Poor Patient 6/Steve Burton/NuOldJason! He's trapped in a time warp from all the equine Xanax that's been running through his veins for quite possibly the last 5 years. He realizes this when Random British Dude from Last Year's Cassadine Island Storyline lets him rummage through his bag and he pulls out a newspaper dated October 1, 2017. How about if this Huxley character fills him in a little on what he's been missing in this crazy world of ours:
PATIENT 6/JASON: It's 2017?!? What in the name of Noodle Buddha is going on here? Why is it not 2012? Why are we still here? Were the Mayans wrong about the world ending?
HUXLEY: My my, what rock have you been sleeping under for the past five years? Are you lost, young lad?
PATIENT 6/JASON: Lost in a time warp, I guess. My hometown of Port Chuckles, New York is full of wormholes. I must have crawled into one...no, maybe I swam. I remember water. Lots of water. It was cold water. Are you sure it's 2017?
HUXLEY: As sure as my name is Huxley Lynch and as sure as I am to pop up in random storylines involving overseas travel.
PATIENT 6/JASON: What's next? Are you going to tell me Donald Trump is President or something completely absurd like that?

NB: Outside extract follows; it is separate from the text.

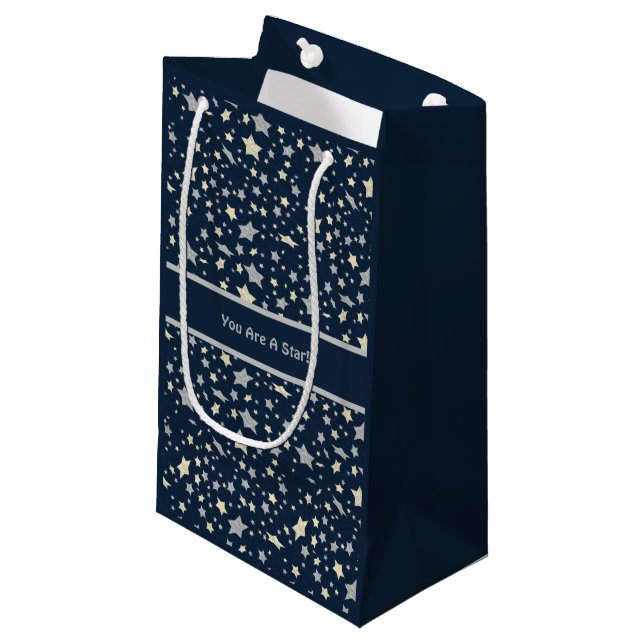 Du bist ein Stern! Elegant Modern Blue Kleine Geschenktüte (Vorderseite Schrägansicht)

HUXLEY: Well... He's not MY president. I'm from the land of Brexit.
PATIENT 6/JASON: What's a Brexit?
HUXLEY: Buckle up, Hair Boy, and get ready for a bumpy ride!
PATIENT 6/JASON: You know what would be really hilarious? If you told me the Cubs won the World Series.

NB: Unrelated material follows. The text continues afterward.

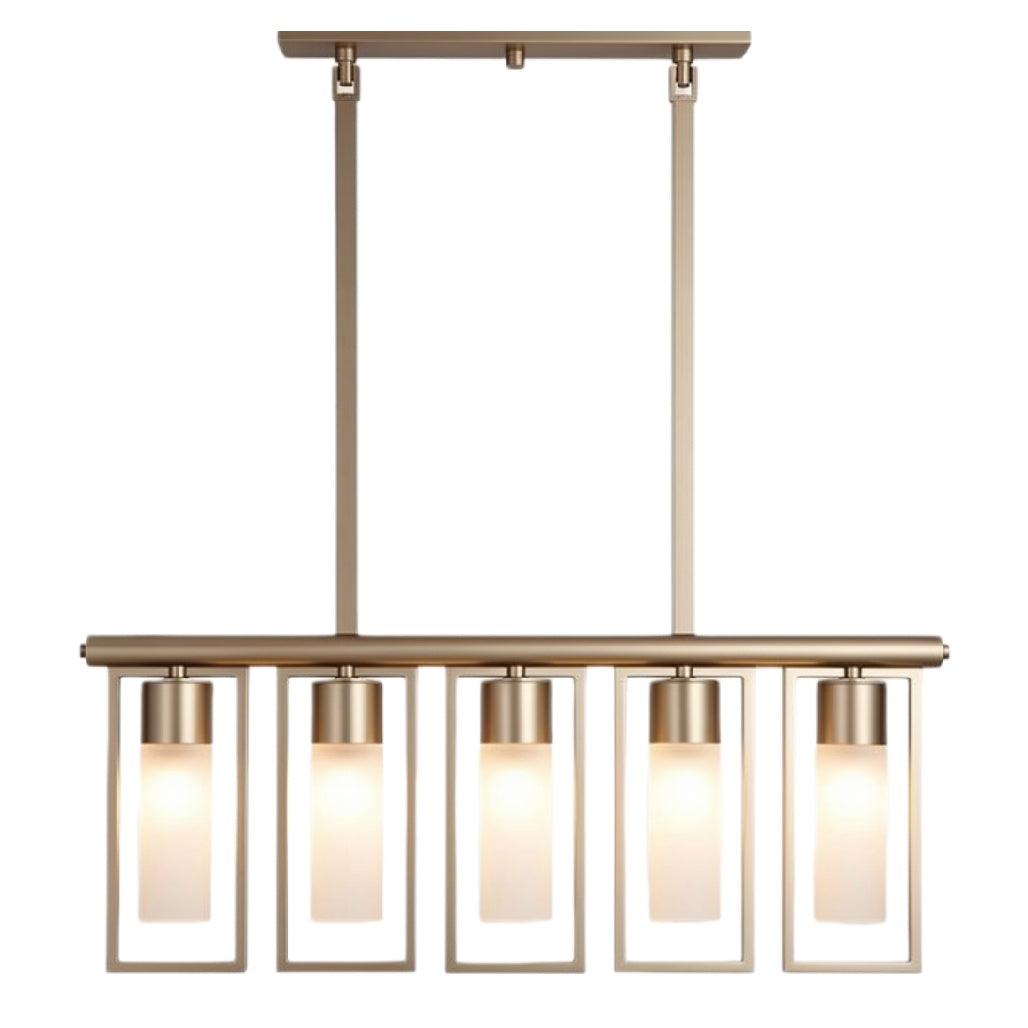 Technische Titel: "Moderne Hanglamp met 5 Glaslampen en Minimalistisch Ontwerp"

HUXLEY: As little as I care for the bollocks American version of cricket, prepare to laugh your arse off because they did, last year.
PATIENT 6/JASON: Now you're just messing with me, Huckleberry! If I had one of those fancy newfangled iPhones like that American priest guy I met in the Russian monastery, I could just Google what happened the past five years.

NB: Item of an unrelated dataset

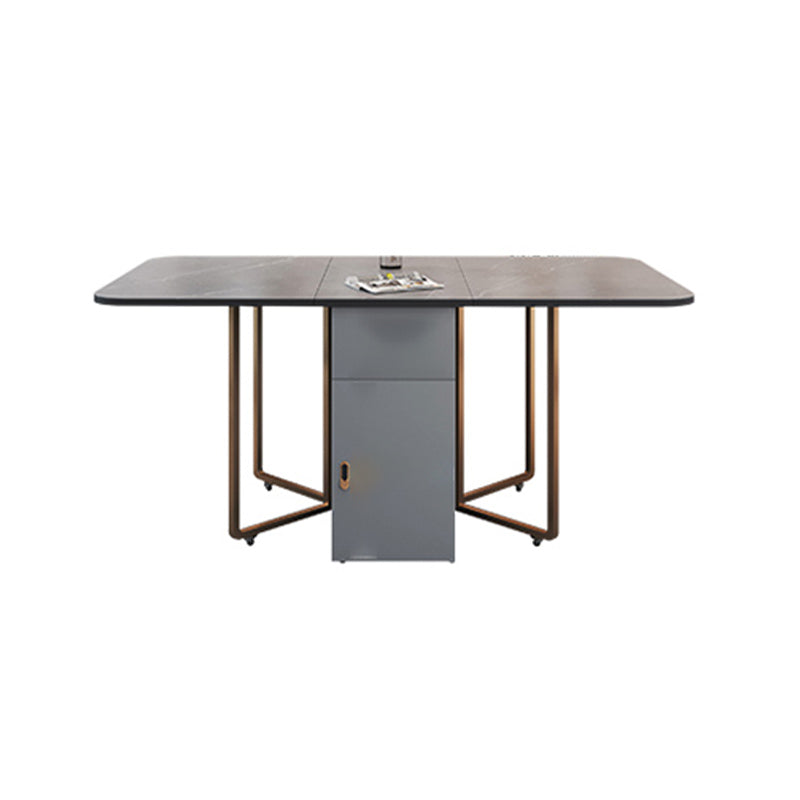 Foldable Sintered Stone Dining Table Modern Rectangle Table with Trestle Base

HUXLEY: It's HUXLEY! I don't believe you've ever told me your name.
PATIENT 6/JASON: Hell if I know! I think I left it back in 2012. The people in that freaky Russian clinic kept calling me Patient 6. When I get home to Port Chuckles, maybe people I know will remind me.
HUXLEY: Can I call you Hair Boy?
PATIENT 6/JASON: Whatever floats your boat, Humphrey.
HUXLEY: HUXLEY!!! H-U-X-L-E-Y!! Do you happen to know a blonde bombshell by the name of Ava Jerome?
PATIENT 6/JASON: Ava who? I don't know anyone named Ava. There was this blonde lady with a giant bandage covering half her face at the Russian nuthouse. She picked up my paperclip and let me get outta that house of horrors. They kept saying I was dangerous and psychotic and made me wear this face mask and sunglasses so I'd look all mysterious and crap. It got the blonde's attention and she talked non-stop, but she did me a solid by helping me get the hell outta there, so there's that.
HUXLEY: Would you like to hear a joke?
PATIENT 6/JASON: Do I have a choice?
HUXLEY: I don't suppose you do. Here goes: What does the fox say?
PATIENT 6/JASON: Is that the joke? I don't get it. What does the fox say to who? The bear, the dog, the squirrel, what?
HUXLEY: No, you silly chap. He says "Ring-ding-ding-ding-dingeringeding!
Gering-ding-ding-ding-dingeringeding! Gering-ding-ding-ding-dingeringeding!"
PATIENT 6/JASON: Are you sure you didn't escape from the same Russian looney bin I did?
HUXLEY: You'd better be nice to me or I'll Uptown Funk you up!
PATIENT 6/JASON: I'll keep that it mind, Hutch.